Scraped caption text data
________________________

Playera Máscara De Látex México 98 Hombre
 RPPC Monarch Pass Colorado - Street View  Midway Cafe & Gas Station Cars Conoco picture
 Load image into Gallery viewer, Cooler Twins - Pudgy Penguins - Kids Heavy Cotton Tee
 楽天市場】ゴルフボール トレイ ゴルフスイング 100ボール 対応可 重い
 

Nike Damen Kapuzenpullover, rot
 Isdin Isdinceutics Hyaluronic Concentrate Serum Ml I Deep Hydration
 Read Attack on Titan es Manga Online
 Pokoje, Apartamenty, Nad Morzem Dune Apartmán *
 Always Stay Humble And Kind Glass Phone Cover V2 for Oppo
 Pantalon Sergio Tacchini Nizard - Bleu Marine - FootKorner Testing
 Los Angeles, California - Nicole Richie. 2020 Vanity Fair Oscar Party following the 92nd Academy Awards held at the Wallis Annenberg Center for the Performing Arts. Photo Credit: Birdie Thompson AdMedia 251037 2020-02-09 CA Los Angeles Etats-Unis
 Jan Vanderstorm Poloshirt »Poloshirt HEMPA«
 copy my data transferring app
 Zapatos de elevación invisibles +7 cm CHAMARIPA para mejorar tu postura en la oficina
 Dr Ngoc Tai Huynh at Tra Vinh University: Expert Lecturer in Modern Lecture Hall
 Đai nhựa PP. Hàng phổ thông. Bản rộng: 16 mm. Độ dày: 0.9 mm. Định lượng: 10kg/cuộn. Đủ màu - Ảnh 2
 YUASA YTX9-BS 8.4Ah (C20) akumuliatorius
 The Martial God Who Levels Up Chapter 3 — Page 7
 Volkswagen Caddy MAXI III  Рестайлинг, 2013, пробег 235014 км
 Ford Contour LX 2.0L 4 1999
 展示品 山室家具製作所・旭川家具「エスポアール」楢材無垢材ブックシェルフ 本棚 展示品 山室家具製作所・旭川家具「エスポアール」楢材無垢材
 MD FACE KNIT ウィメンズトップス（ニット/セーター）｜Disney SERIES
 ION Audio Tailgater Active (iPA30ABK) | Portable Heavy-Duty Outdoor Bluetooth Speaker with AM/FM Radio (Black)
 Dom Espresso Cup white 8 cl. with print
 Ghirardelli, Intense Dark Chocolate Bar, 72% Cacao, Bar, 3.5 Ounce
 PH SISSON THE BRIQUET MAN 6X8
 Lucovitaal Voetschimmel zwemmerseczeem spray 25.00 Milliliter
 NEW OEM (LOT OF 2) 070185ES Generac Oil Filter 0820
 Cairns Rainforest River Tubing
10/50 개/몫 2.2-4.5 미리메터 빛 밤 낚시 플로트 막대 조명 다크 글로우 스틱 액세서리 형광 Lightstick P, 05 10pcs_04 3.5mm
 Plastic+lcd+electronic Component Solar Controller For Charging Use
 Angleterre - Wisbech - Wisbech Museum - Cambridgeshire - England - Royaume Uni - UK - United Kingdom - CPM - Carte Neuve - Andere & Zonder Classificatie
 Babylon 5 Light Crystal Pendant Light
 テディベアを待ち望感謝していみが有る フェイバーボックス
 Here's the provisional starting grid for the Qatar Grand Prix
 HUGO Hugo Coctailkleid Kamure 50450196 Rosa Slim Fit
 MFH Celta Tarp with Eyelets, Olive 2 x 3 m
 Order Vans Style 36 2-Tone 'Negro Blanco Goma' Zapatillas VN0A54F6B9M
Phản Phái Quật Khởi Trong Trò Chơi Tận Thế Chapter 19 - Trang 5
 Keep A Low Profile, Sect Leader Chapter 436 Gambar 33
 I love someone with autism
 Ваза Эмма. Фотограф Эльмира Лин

________________________

◆ Work to be completed ◆
A word-for-word copy of the lines above from the one with "Los Angeles, California" through the one with "Dr Ngoc Tai", inclusive, is the only output wanted.

◆ Exercise result ◆
 Los Angeles, California - Nicole Richie. 2020 Vanity Fair Oscar Party following the 92nd Academy Awards held at the Wallis Annenberg Center for the Performing Arts. Photo Credit: Birdie Thompson AdMedia 251037 2020-02-09 CA Los Angeles Etats-Unis
 Jan Vanderstorm Poloshirt »Poloshirt HEMPA«
 copy my data transferring app
 Zapatos de elevación invisibles +7 cm CHAMARIPA para mejorar tu postura en la oficina
 Dr Ngoc Tai Huynh at Tra Vinh University: Expert Lecturer in Modern Lecture Hall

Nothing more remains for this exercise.